* **Exercise objective**:
When you repeat the listing, keep every character as it is.

* **Working data**:

-- Opening Marker --

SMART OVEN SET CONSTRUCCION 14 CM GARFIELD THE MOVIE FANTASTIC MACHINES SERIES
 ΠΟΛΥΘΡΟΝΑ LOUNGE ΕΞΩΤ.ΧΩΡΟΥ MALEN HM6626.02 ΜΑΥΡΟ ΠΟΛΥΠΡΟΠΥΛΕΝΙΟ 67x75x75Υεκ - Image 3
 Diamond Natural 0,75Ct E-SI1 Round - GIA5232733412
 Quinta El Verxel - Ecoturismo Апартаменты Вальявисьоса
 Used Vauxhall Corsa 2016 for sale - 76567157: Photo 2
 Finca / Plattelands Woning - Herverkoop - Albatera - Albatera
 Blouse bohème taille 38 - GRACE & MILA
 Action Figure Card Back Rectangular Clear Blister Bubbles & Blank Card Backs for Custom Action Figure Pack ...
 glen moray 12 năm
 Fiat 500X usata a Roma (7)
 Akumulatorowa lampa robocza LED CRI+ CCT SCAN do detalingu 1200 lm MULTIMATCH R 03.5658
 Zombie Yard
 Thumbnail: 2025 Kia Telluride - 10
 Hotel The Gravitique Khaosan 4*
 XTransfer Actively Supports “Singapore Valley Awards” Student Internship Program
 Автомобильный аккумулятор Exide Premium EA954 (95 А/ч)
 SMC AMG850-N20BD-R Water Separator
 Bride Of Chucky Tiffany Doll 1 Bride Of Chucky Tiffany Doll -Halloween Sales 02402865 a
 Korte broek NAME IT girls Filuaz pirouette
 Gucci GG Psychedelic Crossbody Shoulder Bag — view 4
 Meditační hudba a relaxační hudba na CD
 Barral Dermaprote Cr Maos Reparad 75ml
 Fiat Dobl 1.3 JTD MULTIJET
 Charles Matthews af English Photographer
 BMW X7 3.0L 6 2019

-- Closing Marker --

* **Expected answer**:
SMART OVEN SET CONSTRUCCION 14 CM GARFIELD THE MOVIE FANTASTIC MACHINES SERIES
 ΠΟΛΥΘΡΟΝΑ LOUNGE ΕΞΩΤ.ΧΩΡΟΥ MALEN HM6626.02 ΜΑΥΡΟ ΠΟΛΥΠΡΟΠΥΛΕΝΙΟ 67x75x75Υεκ - Image 3
 Diamond Natural 0,75Ct E-SI1 Round - GIA5232733412
 Quinta El Verxel - Ecoturismo Апартаменты Вальявисьоса
 Used Vauxhall Corsa 2016 for sale - 76567157: Photo 2
 Finca / Plattelands Woning - Herverkoop - Albatera - Albatera
 Blouse bohème taille 38 - GRACE & MILA
 Action Figure Card Back Rectangular Clear Blister Bubbles & Blank Card Backs for Custom Action Figure Pack ...
 glen moray 12 năm
 Fiat 500X usata a Roma (7)
 Akumulatorowa lampa robocza LED CRI+ CCT SCAN do detalingu 1200 lm MULTIMATCH R 03.5658
 Zombie Yard
 Thumbnail: 2025 Kia Telluride - 10
 Hotel The Gravitique Khaosan 4*
 XTransfer Actively Supports “Singapore Valley Awards” Student Internship Program
 Автомобильный аккумулятор Exide Premium EA954 (95 А/ч)
 SMC AMG850-N20BD-R Water Separator
 Bride Of Chucky Tiffany Doll 1 Bride Of Chucky Tiffany Doll -Halloween Sales 02402865 a
 Korte broek NAME IT girls Filuaz pirouette
 Gucci GG Psychedelic Crossbody Shoulder Bag — view 4
 Meditační hudba a relaxační hudba na CD
 Barral Dermaprote Cr Maos Reparad 75ml
 Fiat Dobl 1.3 JTD MULTIJET
 Charles Matthews af English Photographer
 BMW X7 3.0L 6 2019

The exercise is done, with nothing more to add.